EU Court Rules Against Exclusive TV Licensing Deal
First time accepted submitter r5r5 writes "In possibly a ground-breaking rule, European Court of Justice ruled against exclusive rights to broadcast sporting events within a single member state. The motivation is that such an agreement would enable each broadcaster to be granted absolute territorial exclusivity in the area covered by its licence and would therefore eliminate all competition between broadcasters in the field of those services and would thus partition the national markets in accordance with national borders. Could this be the beginning of dismounting the legacy system of exclusive distribution rights awarded to one company in one state?"
Is to support the legal position that a citizen of an EU member state cannot be restricted from purchasing goods or services from any other member state - this is a rule that has been in position for years, and the FA were trying to have it not applied to their TV rights (as they gain billions from UK tv rights to Sky, which are now massively devalued).
It doesn't affect purchases of goods and services from outside of the EU.
Apple underwent a similar issue a few years ago over their iTunes store restrictions within the EU.
A quick note to catch the Americans up on what matters most in the world:
Pubs in Britain had to pay more to show English games than pubs overseas because Sky (who held the British rights) charged more.
English football league is the richest in the world (most watched sports league in the world as a result)- in part because the TV money is so much higher there so it gets the best quality players.
A certain % of Sky's money there goes back to the clubs.
The English league will now lose some of the monetary advantage it had because Sky will have to compete with cheapo-European networks.
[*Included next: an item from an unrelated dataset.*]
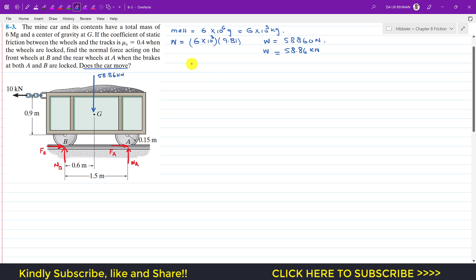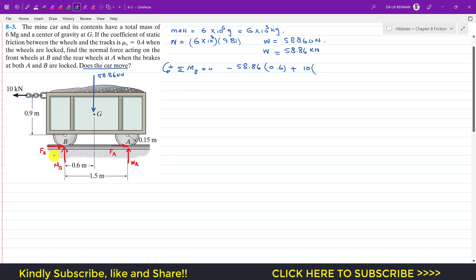Applying the summation of moments about point B equals zero, with counterclockwise positive: the weight produces a clockwise moment, so minus 58.86 × 0.6. The 10 kN external force produces a counterclockwise moment: plus 10 × (0.9 + 0.15). Na produces a counterclockwise moment: plus Na × 1.5.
Recently Liverpool Football Club asked to be able to negotiate their own TV rights outside of the league. Their argument : we're a big club- we have more fans- more people turn on the telly to watch us than some of the smaller clubs- we should get more money than smaller clubs that no-one watches.
This was quickly shot down by everyone else who said it was a terrible idea. ESPECIALLY from the smaller clubs who would as a result get less money- but even some of the big clubs who would get more money as a result were not in favour.
This is actually how it works in Spain- where clubs like Real Madrid, and Barcelona have budgets that dwarf anyone else. Real Madrid and Barca are the big teams- they negotiate their own TV deals- and as a result have been (even before now) making more money than even the English teams- despite the Spanish league being poorer (wealthwise) in general.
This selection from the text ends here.